Copy the data exactly as it appears, and do not include any pictures.

* * * *

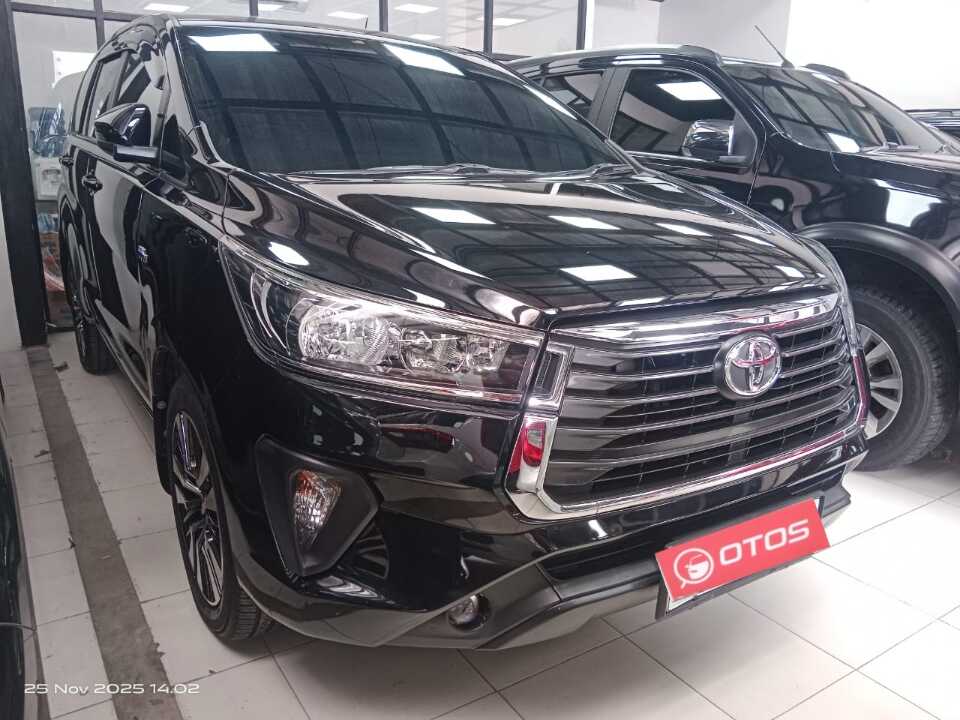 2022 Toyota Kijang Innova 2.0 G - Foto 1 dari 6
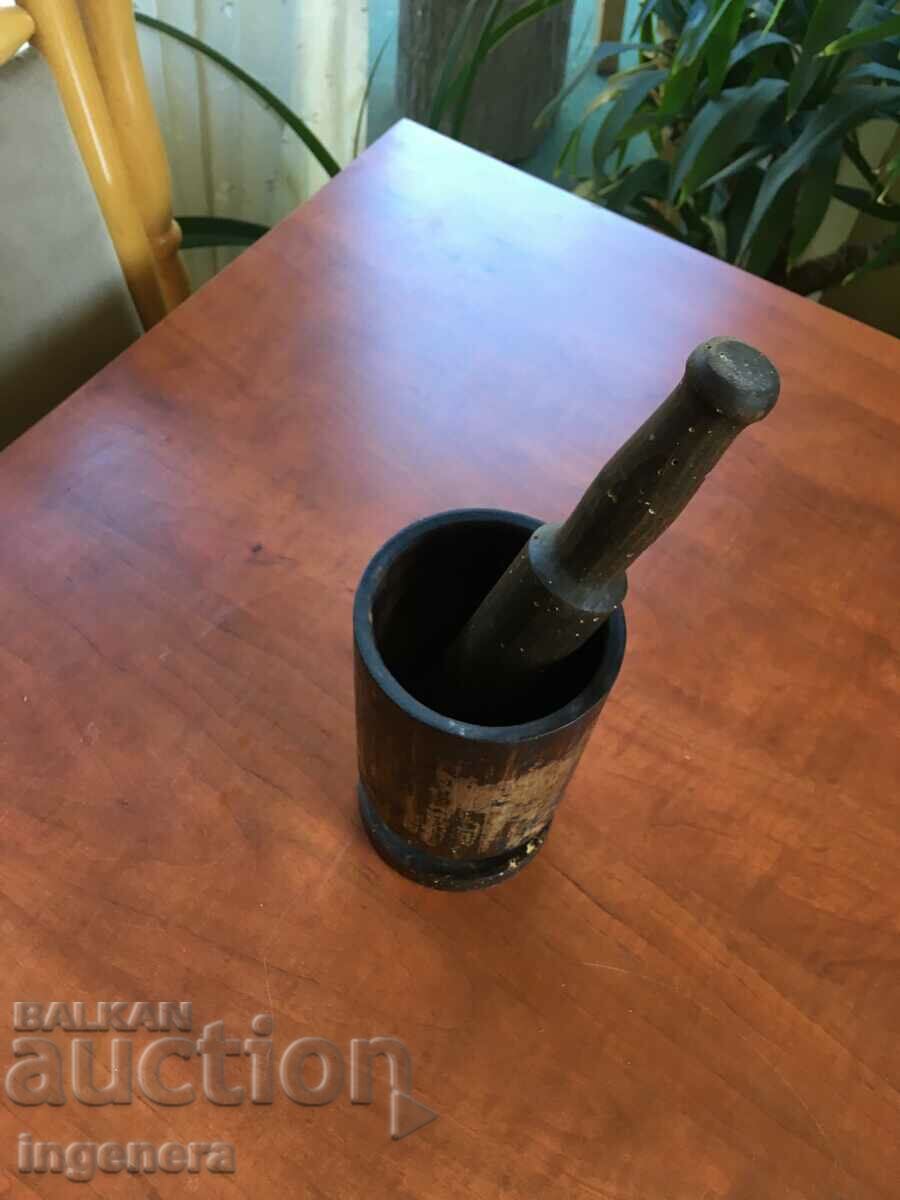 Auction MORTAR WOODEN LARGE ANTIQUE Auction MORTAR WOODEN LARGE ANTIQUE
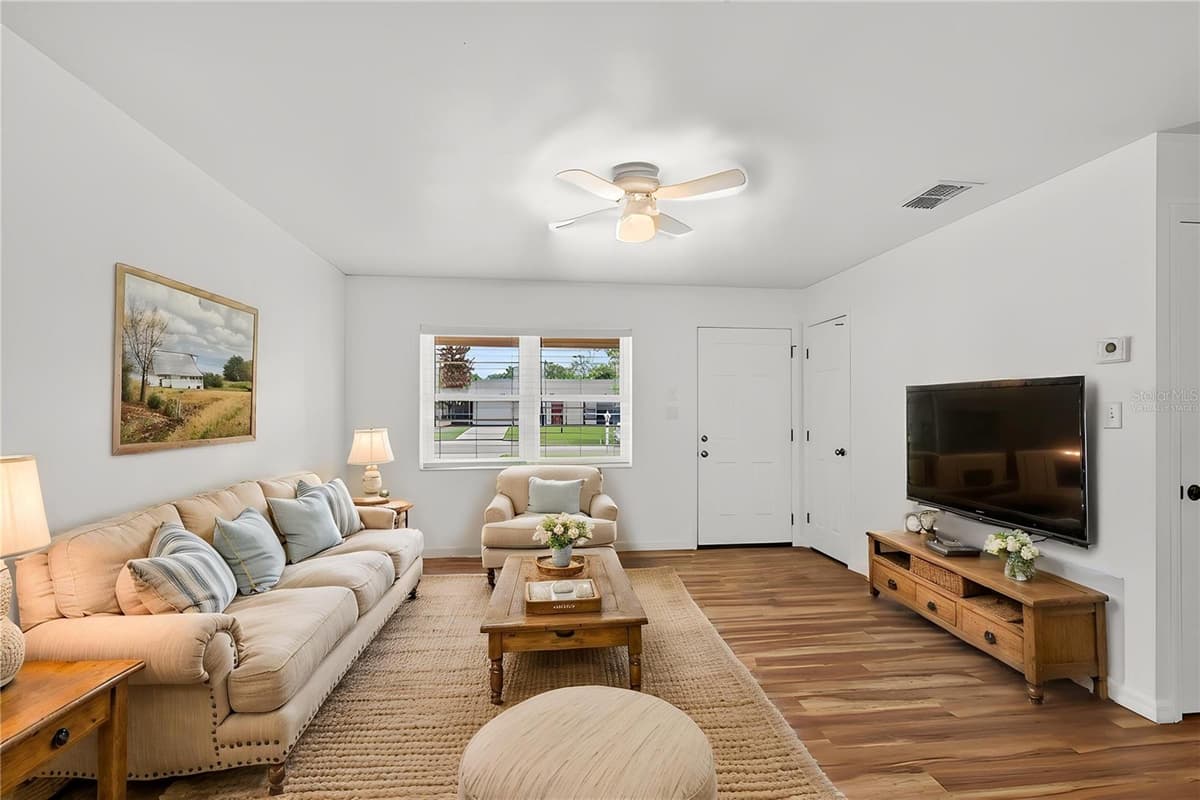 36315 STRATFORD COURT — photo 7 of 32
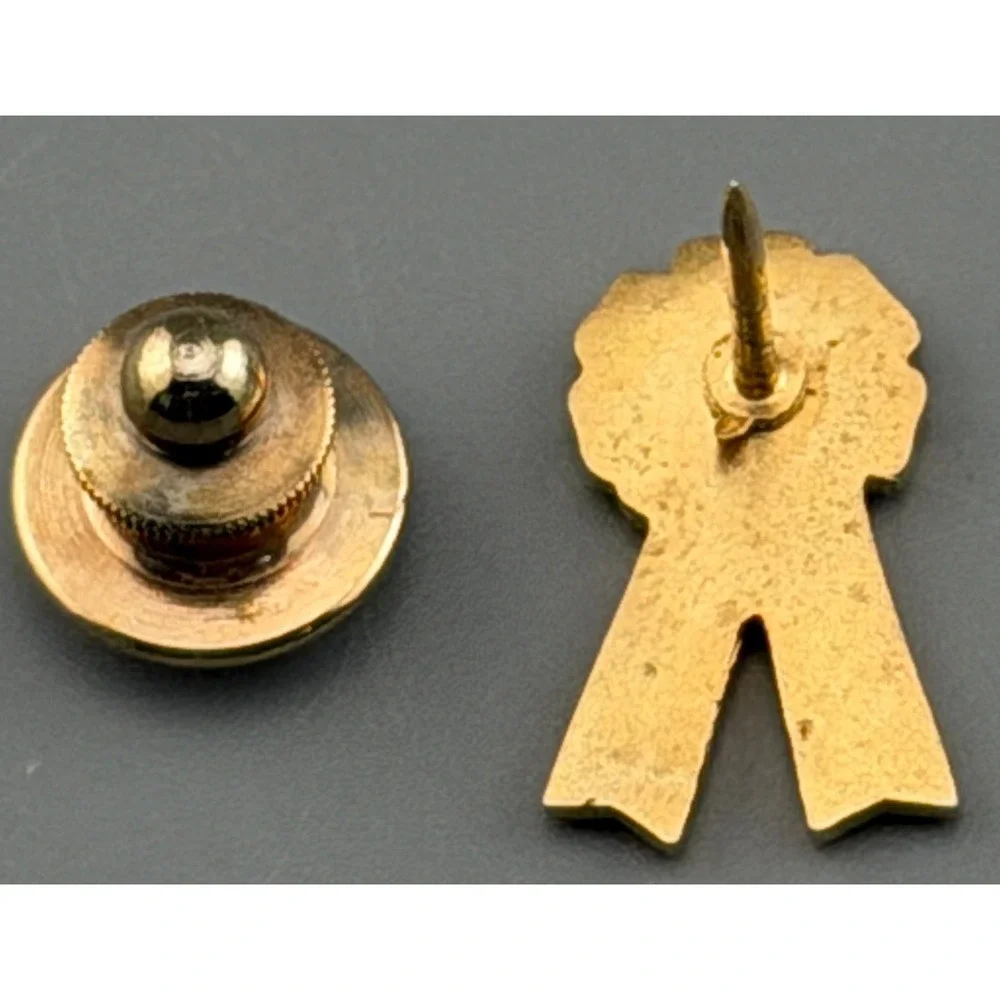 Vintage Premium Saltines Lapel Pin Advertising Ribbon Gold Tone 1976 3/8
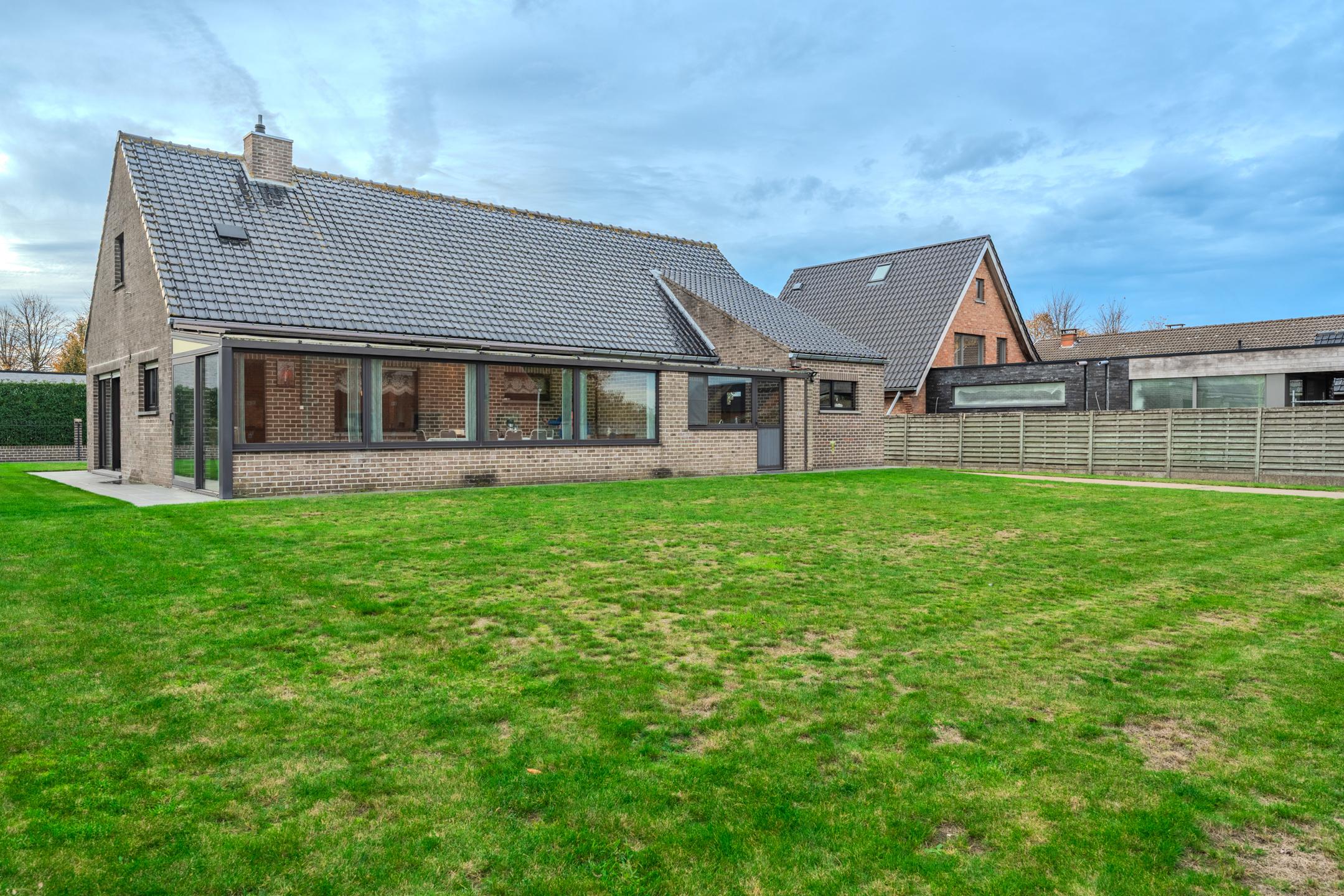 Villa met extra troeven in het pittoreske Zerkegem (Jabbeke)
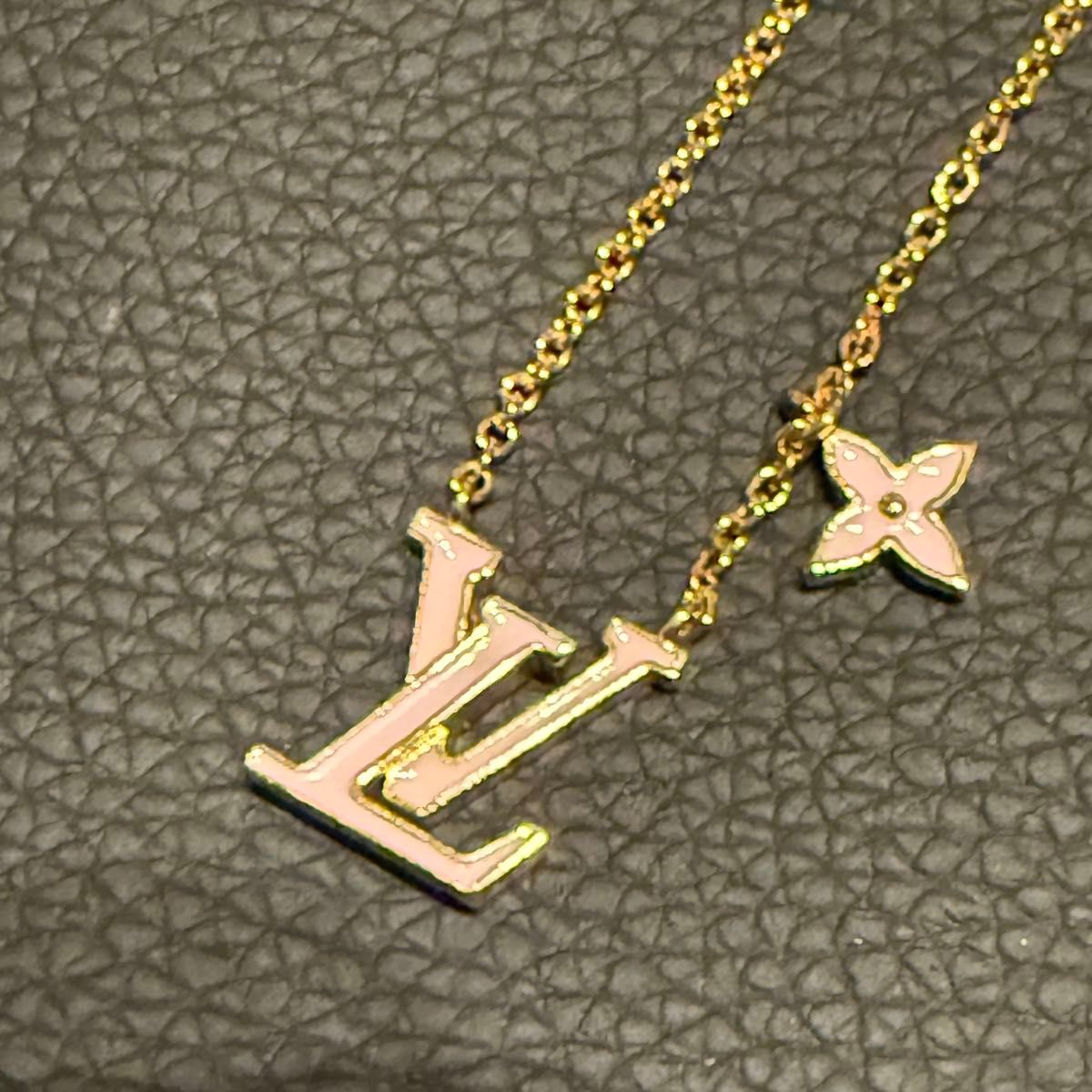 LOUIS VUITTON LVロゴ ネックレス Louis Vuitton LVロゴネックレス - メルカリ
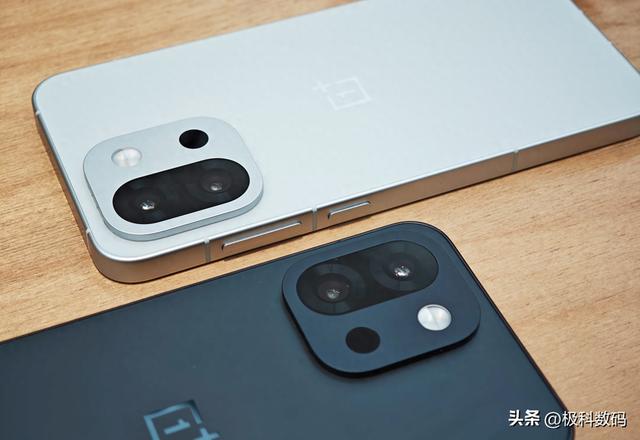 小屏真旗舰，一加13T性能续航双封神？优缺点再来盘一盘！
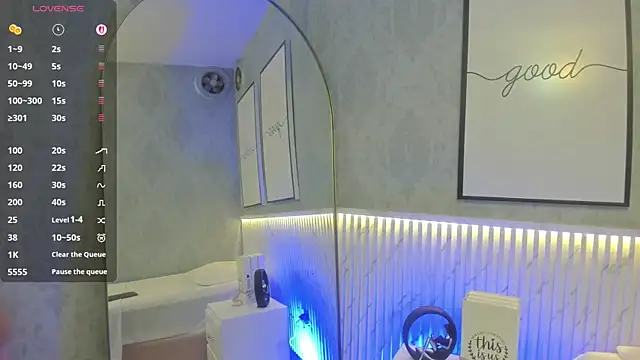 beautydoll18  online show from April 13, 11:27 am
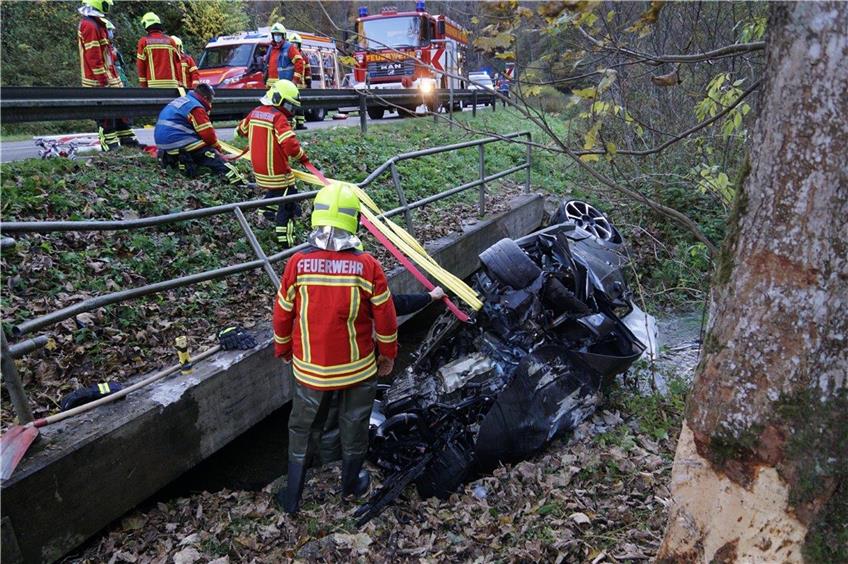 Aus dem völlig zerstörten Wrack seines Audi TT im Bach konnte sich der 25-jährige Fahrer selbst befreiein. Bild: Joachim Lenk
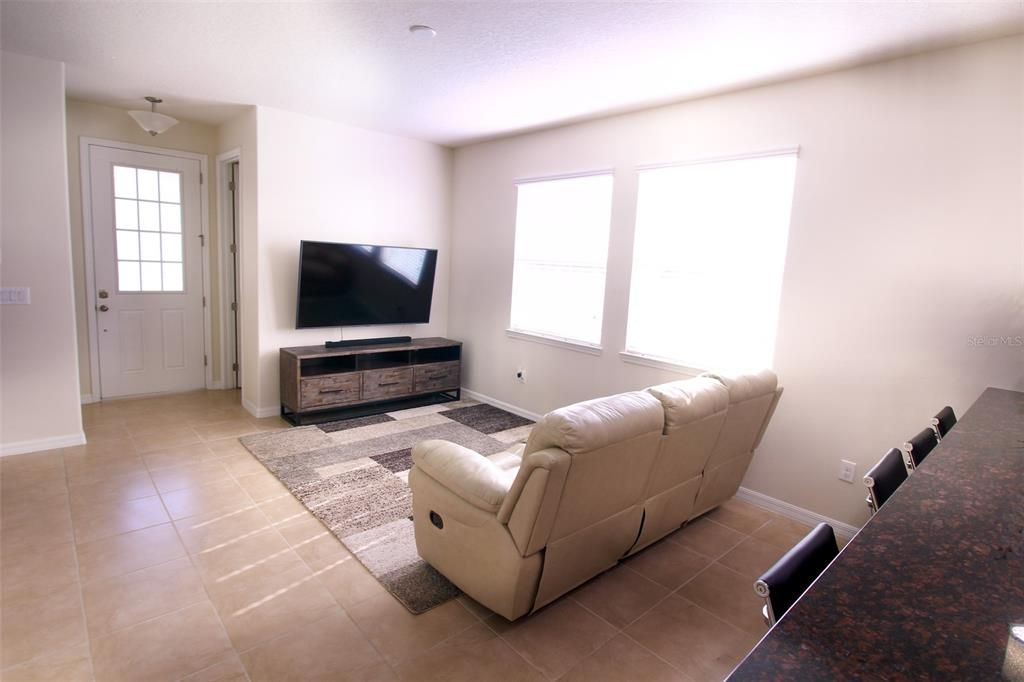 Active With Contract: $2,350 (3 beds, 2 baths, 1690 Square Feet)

* * * *

ANSWER TO THIS TASK:
 2022 Toyota Kijang Innova 2.0 G - Foto 1 dari 6
 Auction MORTAR WOODEN LARGE ANTIQUE Auction MORTAR WOODEN LARGE ANTIQUE
 36315 STRATFORD COURT — photo 7 of 32
 Vintage Premium Saltines Lapel Pin Advertising Ribbon Gold Tone 1976 3/8
 Villa met extra troeven in het pittoreske Zerkegem (Jabbeke)
 LOUIS VUITTON LVロゴ ネックレス Louis Vuitton LVロゴネックレス - メルカリ
 小屏真旗舰，一加13T性能续航双封神？优缺点再来盘一盘！
 beautydoll18  online show from April 13, 11:27 am
 Aus dem völlig zerstörten Wrack seines Audi TT im Bach konnte sich der 25-jährige Fahrer selbst befreiein. Bild: Joachim Lenk
 Active With Contract: $2,350 (3 beds, 2 baths, 1690 Square Feet)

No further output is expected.